With respect to the sensitivity and specificity to use HHIA-S and HHIE-S questionnaires
to detect hearing loss and their applicability on a screening with adults and elderly
showing hearing disorders, the study implied that these tools do not seem to be good
to detect hearing alterations or screen individuals in audiology services, at which
the patients have hearing-related complaints at arrival, resulting in a low sensitivity
(47%) and a high specificity (75%). This finding confirms another research[12 ], in which HHIE-S questionnaire was also applied, found low values for sensitivity
(23%) and high values for specificity (73.7%), in the group served in an audiology
care center. In this same study[12 ], for a group served in a non-specific audiology disorder-related center, a high
sensitivity (94,7%) and a high specificity (75%) were found, showing that HHIE-S questionnaire
can be valid in this type of population as a screening tool. The findings hereof are
equally supported by the work performed abroad by Gates et al.

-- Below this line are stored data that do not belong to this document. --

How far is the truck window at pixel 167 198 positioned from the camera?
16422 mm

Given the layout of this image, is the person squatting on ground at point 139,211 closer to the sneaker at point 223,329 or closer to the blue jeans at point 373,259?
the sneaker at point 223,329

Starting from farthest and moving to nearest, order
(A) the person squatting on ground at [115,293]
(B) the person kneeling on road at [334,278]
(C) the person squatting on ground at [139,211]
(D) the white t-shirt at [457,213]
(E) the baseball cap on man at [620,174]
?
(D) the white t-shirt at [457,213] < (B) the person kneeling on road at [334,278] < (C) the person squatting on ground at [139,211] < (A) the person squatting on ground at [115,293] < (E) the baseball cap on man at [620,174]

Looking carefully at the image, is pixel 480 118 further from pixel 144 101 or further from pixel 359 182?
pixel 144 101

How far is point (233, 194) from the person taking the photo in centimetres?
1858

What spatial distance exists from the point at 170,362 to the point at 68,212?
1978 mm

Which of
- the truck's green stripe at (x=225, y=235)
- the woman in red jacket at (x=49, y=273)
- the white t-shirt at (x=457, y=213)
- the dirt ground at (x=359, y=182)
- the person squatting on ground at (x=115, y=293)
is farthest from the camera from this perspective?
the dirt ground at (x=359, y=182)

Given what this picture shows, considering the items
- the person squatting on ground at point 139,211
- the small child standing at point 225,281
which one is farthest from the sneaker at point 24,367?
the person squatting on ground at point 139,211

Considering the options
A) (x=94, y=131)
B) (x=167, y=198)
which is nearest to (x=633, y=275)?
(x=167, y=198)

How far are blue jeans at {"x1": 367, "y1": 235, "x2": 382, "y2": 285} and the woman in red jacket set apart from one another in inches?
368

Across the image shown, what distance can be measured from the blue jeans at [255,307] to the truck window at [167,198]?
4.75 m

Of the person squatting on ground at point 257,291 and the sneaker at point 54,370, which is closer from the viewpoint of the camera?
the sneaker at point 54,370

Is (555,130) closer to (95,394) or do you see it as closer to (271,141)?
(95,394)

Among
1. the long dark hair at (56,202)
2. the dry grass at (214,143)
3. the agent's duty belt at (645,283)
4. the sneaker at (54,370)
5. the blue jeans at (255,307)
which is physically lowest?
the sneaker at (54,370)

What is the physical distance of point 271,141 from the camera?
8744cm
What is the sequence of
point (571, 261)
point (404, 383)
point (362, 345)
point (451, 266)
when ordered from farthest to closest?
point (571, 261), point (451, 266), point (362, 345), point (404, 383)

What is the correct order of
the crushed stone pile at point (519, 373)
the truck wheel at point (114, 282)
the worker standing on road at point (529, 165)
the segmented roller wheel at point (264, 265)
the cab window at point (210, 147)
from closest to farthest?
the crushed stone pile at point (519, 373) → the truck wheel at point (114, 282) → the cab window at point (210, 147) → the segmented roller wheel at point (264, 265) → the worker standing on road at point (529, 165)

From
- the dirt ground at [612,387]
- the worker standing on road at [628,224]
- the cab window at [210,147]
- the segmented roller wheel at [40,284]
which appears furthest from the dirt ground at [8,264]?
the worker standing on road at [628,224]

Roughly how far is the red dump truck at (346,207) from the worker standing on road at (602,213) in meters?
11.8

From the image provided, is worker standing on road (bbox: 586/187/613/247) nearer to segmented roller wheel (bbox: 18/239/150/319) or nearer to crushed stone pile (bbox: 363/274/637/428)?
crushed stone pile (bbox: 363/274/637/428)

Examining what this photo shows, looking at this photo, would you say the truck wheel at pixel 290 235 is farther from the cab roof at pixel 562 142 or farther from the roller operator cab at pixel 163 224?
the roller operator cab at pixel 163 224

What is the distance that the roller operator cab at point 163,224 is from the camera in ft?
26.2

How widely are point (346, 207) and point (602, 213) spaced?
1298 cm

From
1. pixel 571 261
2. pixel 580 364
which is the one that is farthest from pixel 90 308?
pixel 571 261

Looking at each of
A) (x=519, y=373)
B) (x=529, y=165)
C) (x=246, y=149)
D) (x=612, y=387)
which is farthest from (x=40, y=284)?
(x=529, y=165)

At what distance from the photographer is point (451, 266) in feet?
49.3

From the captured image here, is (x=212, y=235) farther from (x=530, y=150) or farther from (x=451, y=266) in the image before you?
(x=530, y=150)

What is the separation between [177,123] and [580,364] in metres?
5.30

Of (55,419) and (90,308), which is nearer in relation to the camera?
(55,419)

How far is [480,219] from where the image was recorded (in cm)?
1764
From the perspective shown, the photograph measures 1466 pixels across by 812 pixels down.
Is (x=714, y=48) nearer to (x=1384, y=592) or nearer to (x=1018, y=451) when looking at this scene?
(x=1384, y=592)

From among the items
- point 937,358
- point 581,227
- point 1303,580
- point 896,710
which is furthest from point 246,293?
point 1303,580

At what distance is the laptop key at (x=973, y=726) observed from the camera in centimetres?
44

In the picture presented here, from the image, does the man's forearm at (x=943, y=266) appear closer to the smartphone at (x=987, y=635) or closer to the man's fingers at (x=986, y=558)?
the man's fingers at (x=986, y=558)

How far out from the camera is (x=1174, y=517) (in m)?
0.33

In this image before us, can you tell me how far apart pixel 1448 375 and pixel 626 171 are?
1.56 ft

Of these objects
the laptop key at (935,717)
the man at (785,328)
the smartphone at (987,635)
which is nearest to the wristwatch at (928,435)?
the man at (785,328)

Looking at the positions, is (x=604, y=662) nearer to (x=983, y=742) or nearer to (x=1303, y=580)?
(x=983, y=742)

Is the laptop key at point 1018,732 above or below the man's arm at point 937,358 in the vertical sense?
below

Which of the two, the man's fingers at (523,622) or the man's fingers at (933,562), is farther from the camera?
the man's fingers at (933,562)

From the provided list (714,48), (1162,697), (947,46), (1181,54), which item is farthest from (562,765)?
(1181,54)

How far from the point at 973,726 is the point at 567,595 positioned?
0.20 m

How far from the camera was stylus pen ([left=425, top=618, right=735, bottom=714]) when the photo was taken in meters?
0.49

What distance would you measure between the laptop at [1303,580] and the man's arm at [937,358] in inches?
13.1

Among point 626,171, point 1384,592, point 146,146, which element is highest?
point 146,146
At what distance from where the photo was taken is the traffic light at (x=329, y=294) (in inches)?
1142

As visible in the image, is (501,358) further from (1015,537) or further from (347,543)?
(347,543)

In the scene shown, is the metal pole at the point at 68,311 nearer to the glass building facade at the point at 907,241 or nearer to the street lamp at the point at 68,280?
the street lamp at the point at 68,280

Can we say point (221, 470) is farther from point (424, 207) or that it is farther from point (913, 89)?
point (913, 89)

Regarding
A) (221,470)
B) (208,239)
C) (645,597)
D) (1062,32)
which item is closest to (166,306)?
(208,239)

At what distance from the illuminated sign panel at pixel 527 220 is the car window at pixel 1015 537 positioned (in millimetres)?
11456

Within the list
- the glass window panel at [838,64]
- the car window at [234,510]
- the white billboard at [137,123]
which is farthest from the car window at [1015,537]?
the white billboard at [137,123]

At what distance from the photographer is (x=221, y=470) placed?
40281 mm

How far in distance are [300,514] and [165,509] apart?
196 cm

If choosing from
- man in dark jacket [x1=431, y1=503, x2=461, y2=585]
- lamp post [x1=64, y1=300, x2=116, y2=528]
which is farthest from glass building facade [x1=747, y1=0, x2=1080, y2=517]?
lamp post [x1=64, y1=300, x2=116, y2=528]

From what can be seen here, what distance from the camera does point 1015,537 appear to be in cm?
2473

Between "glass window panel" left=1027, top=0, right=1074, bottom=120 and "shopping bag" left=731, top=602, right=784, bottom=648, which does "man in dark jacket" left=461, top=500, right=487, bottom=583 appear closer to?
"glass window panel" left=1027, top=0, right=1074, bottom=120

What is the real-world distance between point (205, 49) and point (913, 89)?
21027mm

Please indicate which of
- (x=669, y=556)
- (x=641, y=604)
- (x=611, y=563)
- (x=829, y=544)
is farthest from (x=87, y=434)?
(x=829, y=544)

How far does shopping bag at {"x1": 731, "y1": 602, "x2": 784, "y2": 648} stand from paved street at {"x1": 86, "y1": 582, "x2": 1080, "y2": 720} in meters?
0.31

[31 ], who observed such results as 35% and 94 % for sensitivity and specificity, respectively,
by using HHIE-S in an elderly population.
Conclusion
In the studied population, the HHIA-S and HHIE-S questionnaires showed a low sensitivity
and a high specificity, proving they are not effective tools to screen individuals
with previous hearing complaints.
Additionally, in this research, these questionnaires did not show they are efficient
to detect different types and degrees of hearing impairment, indicating that the hearing
impairment is not necessarily associated with the type or degree of hearing loss.